Wine is an alcoholic drink, typically made from fermented grapes. With different quality of the raw materials and process, physicochemical components and sensory variables may change. We are exploring the question: based on physicochemical data, can we categorize if the quality of wine will be above or below average? We are using the “Wine Quality Data Set” that keeps records of red and white vinho verde wine samples, from the north of Portugal. Each row indicates the test for one type of wine including physicochemical variables (e.g. fixed acidity, volatile acidity, residual sugar) and an index indicating the condition (quality). We are going to find the relationship between the physicochemical statistics and the quality of wine.

In [None]:
library(tidyverse)
library(repr)
library(tidymodels)
options(repr.matrix.max.rows = 6)

In [None]:
#loading data
url <- "https://archive.ics.uci.edu/ml/machine-learning-databases/wine-quality/winequality-white.csv"
white_wine <- read_csv2(file = url, col_names = TRUE)
white_wine

In [None]:
## Data Cleaning ##
colnames(white_wine) <- make.names(colnames(white_wine))

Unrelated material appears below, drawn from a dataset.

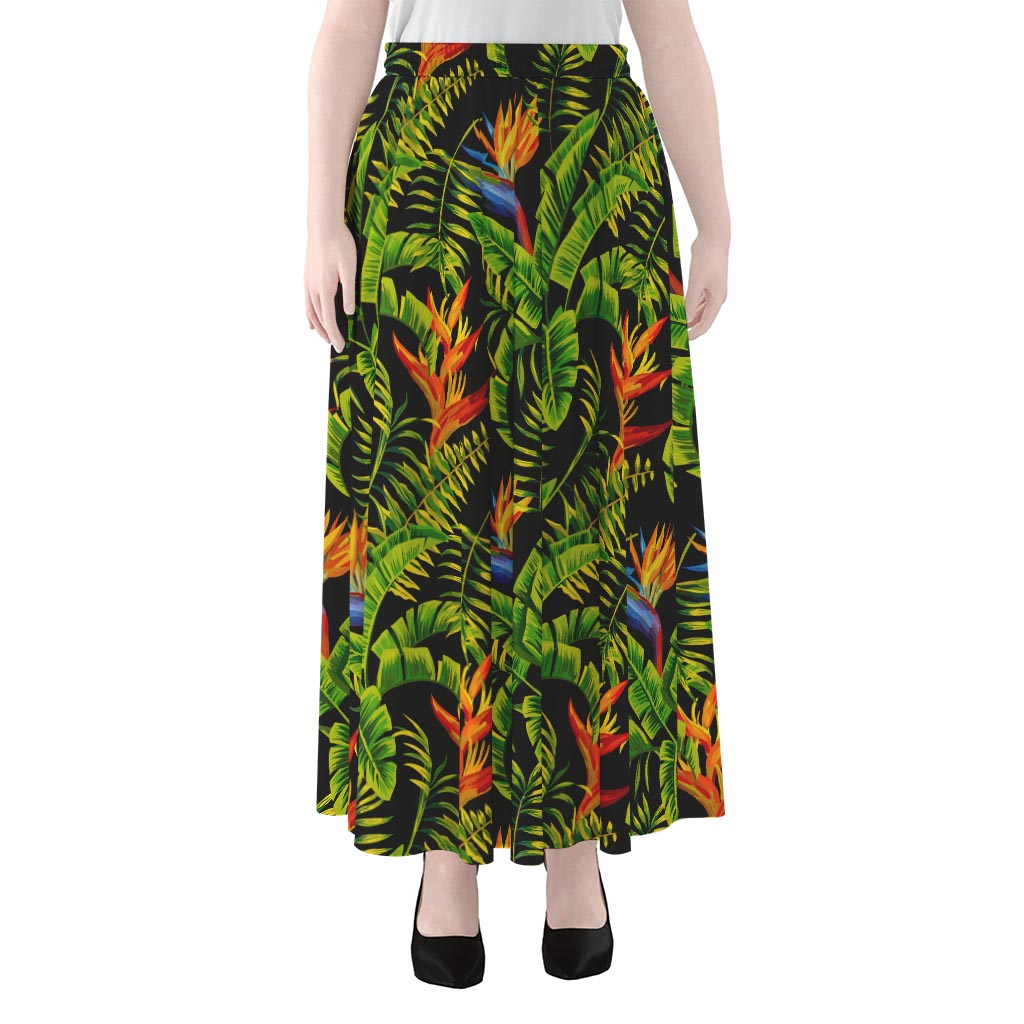 Tropical Summer Pattern Print Chiffon Maxi Skirt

white_wine$chlorides <- as.numeric(as.character(white_wine$chlorides))
white_wine$volatile.acidity <- as.numeric(as.character(white_wine$volatile.acidity))
white_wine$citric.acid <- as.numeric(as.character(white_wine$citric.acid))
white_wine$residual.sugar <- as.numeric(as.character(white_wine$residual.sugar))
white_wine$density <- as.numeric(as.character(white_wine$density))
white_wine$sulphates <- as.numeric(as.character(white_wine$sulphates))

# # Extracting the columns we want

whitewine <- white_wine %>%
select(volatile.acidity, sulphates, pH, total.sulfur.dioxide, alcohol, chlorides, quality)
whitewine

# Finding the mean quality of white wine
avg_quality <- mean(whitewine$quality)
avg_quality

# # Making the quality binary
white_wine_binary_temp <- whitewine %>%
    mutate(binary_quality = if_else(quality < avg_quality, 0, 1))

white_wine_binary_temp

# The binary data is not equally split up, so we need to make sure we have an equal distribution of 0 and 1 observations
wine1 <- white_wine_binary_temp[which(white_wine_binary_temp$binary_quality == 1),]
length(wine1$binary_quality)
wine0 <- white_wine_binary_temp[which(white_wine_binary_temp$binary_quality == 0),]
length(wine0$binary_quality)

wine1_subset <- sample_n(wine1, 1640)
length(wine1_subset$quality)

white_wine_binary <- rbind(wine1_subset, wine0)
length(white_wine_binary$quality)

In [None]:
# Visualizing binary quality distributions
white_wine_plot <- ggplot(white_wine, aes(x=quality)) + geom_histogram(binwidth=0.5)
white_wine_plot

white_wine_plot_binary <- ggplot(white_wine_binary, aes(x=binary_quality)) + geom_histogram(binwidth=0.5)
white_wine_plot_binary

In [None]:
# splitting data into training and testing
whitewine_split <- initial_split(white_wine_binary, prop = 0.74, strata = quality)
whitewine_train <- training(whitewine_split)
whitewine_test <- testing(whitewine_split)

In [None]:
## Creating summmary tables and visualizations

summary(whitewine_train)
whitewine_train_summary <- do.call(cbind, lapply(whitewine_train, summary))

whitewine_train_summary

chlorides.plot <- ggplot(whitewine_train, aes(x = binary_quality, y = chlorides)) + 
                          geom_point() +
                              xlab("Quality (0 or 1)") +
                              ylab("Chlorides (g(sodium chloride)/dm3)")
chlorides.plot

Classification is the process of predicting a categorical label of a data object based on its features and properties. In classification, we locate identifiers or boundary conditions that correspond to a particular label or category.

We first created 11 scatter plots each plotting the target variable, binary quality, to each predictor variable, such as pH level. Through this method, we determined six variables exist with significant influence on the target variable: Volatile acidity, total sulfur dioxide, sulphates, alcohol, chloride, pH. 

For our classification, we will use the KNN classification model. We will need to train it with the training and testing sets in order to predict the wine quality. We would visualize the data by plotting each pair of the variables on the x axis and y axis, then we would color the target variable quality. We can also find the classifier with the highest accuracy. 

We expect that higher alcohol, lower volatile acidity and lower chloride would lead to higher quality of the wine. It is hard to tell how the other three variables would affect quality by the scatterplot. We need to perform further analysis to justify their significance.

By predicting the wine quality using the above variables, we can give the wineries a clear indicator of what is considered a good-quality wine. Our findings would help the wineries to reflect on their wine production process. 

Some areas for further analysis include if there are other variables not included in this dataset that could improve our prediction, such as final sale price; is there a better combination of variables that could improve the prediction; is this model transferable for red wines as well?